Bunu benim zikretmemin sebebi bu yazı ile geçmişe dönmüş olmam. İslami düşüncenin inceliklerine sahip olmadan önce, babam vefat etmeden önceki bir gün elinde avucunda ne varsa vergi borcuna yatırıp gelmişti. Ve ben onu o halde gördüğümde "aman oğlum kimseye borcun olmasın hele devlete hiç" demişti. Niye ki baba dediğimi hatırlıyorum? Vergilendirilmiş kazanç kutsaldır da o yüzden (!) diyerek bıyık altından gülmüş ve gazetede gösterdiği bir resmi benimle paylaşmıştı.

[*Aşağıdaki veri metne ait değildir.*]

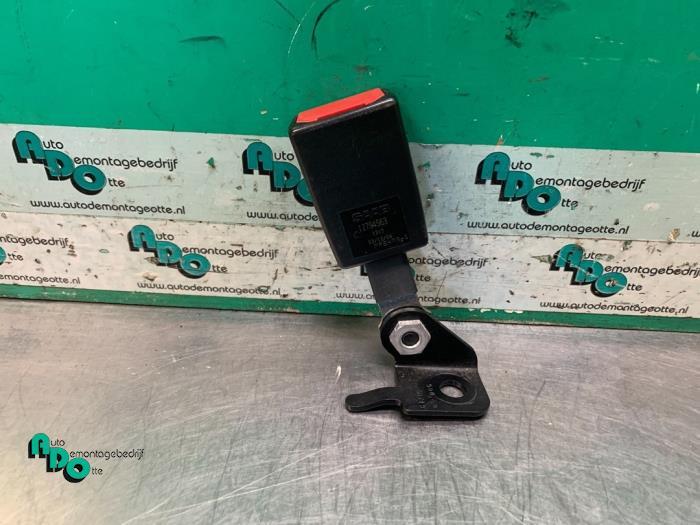 Insertion ceinture de sécurité arrière gauche d'un Saab 9, Autos : Pièces & Accessoires, Habitacle & Garnissage, Saab, Utilisé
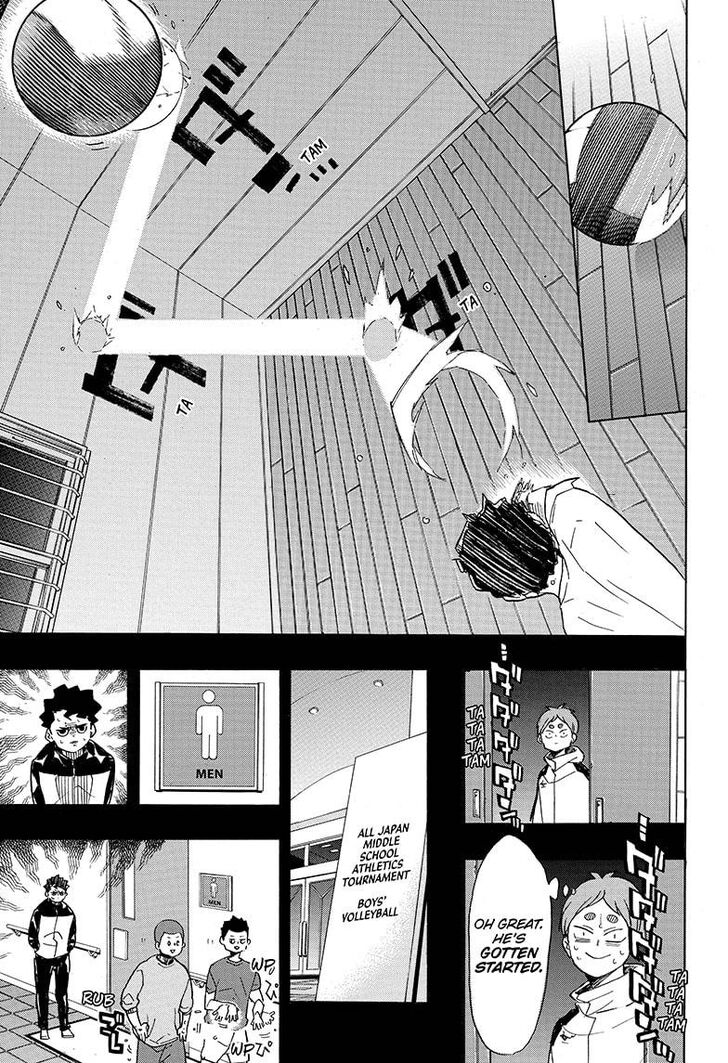 Read Haikyuu!! en Manga Online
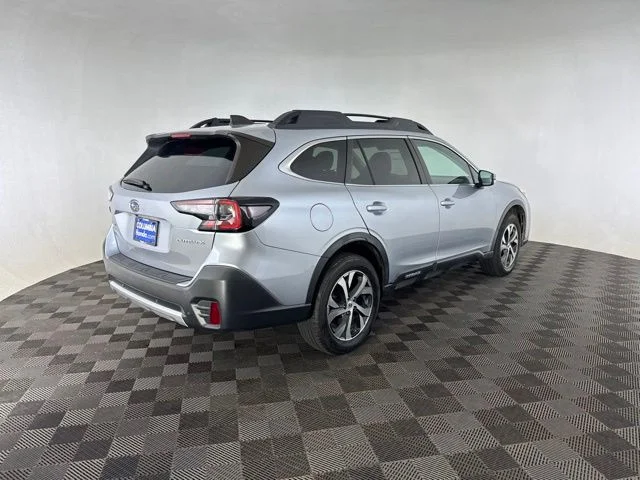 Used 2020 Silver Subaru Limited image 5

Manukyan'ın genelevlerinden birisinin önünde polis kontrolünde kuyrukta bekleyen insanların fotoğrafıydı bu. Elinde bastonla ayakta durmaya çalışan ama kuyruktan da ayrılmayan bir yaşlı pir-ü faninin de resmini gösterip "kutsal vergilendirmenin kutsal emekçileri" anlamında bir şeyler söylemiş ve kahkayı basmıştı.
Babam askerden geldikten sonra yanlış yollara sapmamam için ironi üzerine ironi yapmıştı. Dilinden net olarak: "oğlum sakın bu tür yanlış yerlere gitme" demek yerine ironiyi tercih etmişti. Belki onun oğlu olduğum için net ifadeler kullanmak istememiş olabilir. Bilmiyorum. Yaşasaydı sorardım kendisine.
Vergilendirilmiş kazanç kutsaldır zihniyetine sahip insanların kazançlarını tekrar kontrol etmesi ümidi ile...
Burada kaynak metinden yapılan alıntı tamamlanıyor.